Desde la presentación de “Anticristo” en el Festival de Cannes, la película se vio envuelta en un sinfín de controversias. Acusado de misógino, de inmoral, repudiado por proyectar en primer plano una mutilación de clítoris y la eyaculación sangrienta del pene erecto de Willem Dafoe, Lars von Trier defiende su obra en la conferencia de prensa posterior al estreno, afirmando: “Soy el mejor director del mundo” y “Hago cine para mí”. Más allá de la calamitosa polémica que gira en torno a la figura y última producción del director, este se las hace para generar un enfoque singular al origen del mal en el género del terror.

En “Anticristo” pesa toda aquella tradición de un cine de terror ligado a las fuerzas de lo paranormal. El título del film remite indefectiblemente a películas como “El Exorcista”, “La Profecía, y todo el reciclaje de los noventa vinculado a este folclore. Lo que destaca a Lars von Trier en esta práctica es invertir una relación patente en el género. Usualmente sus antecedentes incrustan lo sobrenatural en un medio humano, donde se representa las fuerzas de la vileza encarnadas en el seno de la humanidad y sus consecuencias invasivas. En estas películas lo sobrenatural se presenta como algo exterior al hombre que toma posesión y moldea al individuo para actuar a partir de este. Una naturaleza taumatúrgica suple a la esencia puramente humana estableciendo un conflicto espiritual exterior al hombre. En “El Exorcista”, la maldad de Sharon proviene del poder de Lucifer. En “La Profecía, Damien Thorn, representa directamente al hijo del diablo.

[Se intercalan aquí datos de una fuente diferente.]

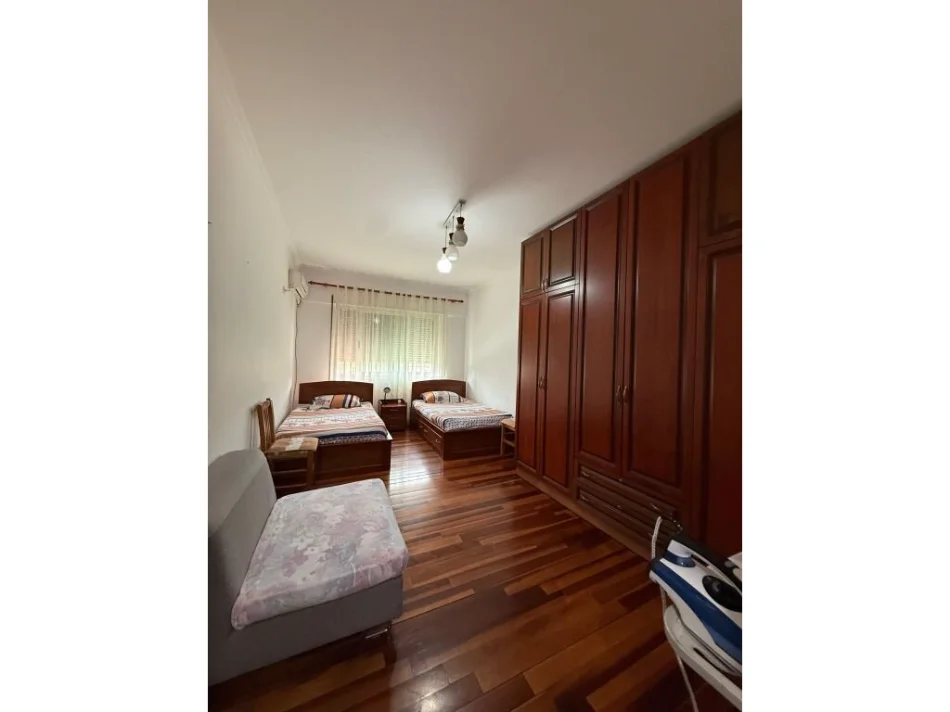 Tirane, jepet me qera apartament 2+1 Kati 1, 130 m² 600 €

Lars von Trier coloca lo propiamente humano en un medio sobrenatural. Este procedimiento es tanto narrativo como estético. El relato gótico penetra desde la contextualización y el metalenguaje, a través de los simbolismos y analogías bíblicas, para dar conciencia de una fuerte humanidad  en un entorno místico cuya incidencia se torna esotérica y secundaria. El bosque siniestro, la cabaña alejada, la personificación animalesca y el fuerte vínculo con el Antiguo Testamento, sirven de sustento estético para dar la nota de lo siniestro, de lo terrorífico; sin embargo, la maldad posee un lugar privilegiado. La maldad es inherentemente humana y reside en la naturaleza del individuo purgando al hombre del facilismo religioso con que expía sus pecados. La naturaleza viva, el lobo que habla, los árboles esqueléticos, son la materialización con la que el hombre mistifica el mundo, una mirada necesaria para la comunión con la totalidad. La maldad no es ajena al sujeto y no pertenece a un mundo maravilloso; sino, que es intrínseca al hombre y en este caso brota en el cuerpo de la actriz inglesa Charlotte Gainsbourg.

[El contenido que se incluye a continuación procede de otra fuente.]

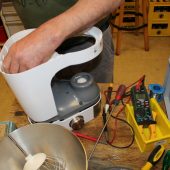Reparaturcafé im Rettungsheim in Raggal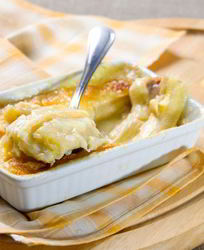 Запеканка творожная с бананом и манкой в духовке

La primera parte del film desarrolla un argumento psicológico y dramático relativo a la perdida del único hijo de una pareja en albores de unión. Un psicólogo de apariencia fría y soberbia que rompe los códigos de su profesión intentando auxiliar el llanto desconsolado de su esposa. Quizás si no hubiera un vínculo emocional tan fuerte entre doctor y paciente los efectos no serían los mismos; pero, se hace inevitable no priorizar el débil rol de acompañante amoroso antes que el de profesional  insensible de aspiraciones redentoras. Esta carencia pesa y el dilema moral alcanza a la audiencia. Él se muestra como un personaje detestable, mientras que ella recibe la mirada de la víctima imposibilitada. Víctima de tragedia familiar y de la imponente figura masculina que busca forzarla a superar el acontecimiento.

Es a partir de las expectativas que genera la película en esta primera parte, que el bosque del Anticristo hecha raíces en el corazón de la humanidad. Lars von Trier sustituye el crescendo de la maldad extraordinaria por desgarro de expectativas narrativas. Aquí reside la maldad. Aquí reside la culpa por el juicio condenatorio a Willem Dafoe en las primeras secuencias; y, el violento descargo contra la atormentada costilla mientras la película  revela paulatinamente la veracidad de los acontecimientos que en primera instancia pecaron de ilusionistas.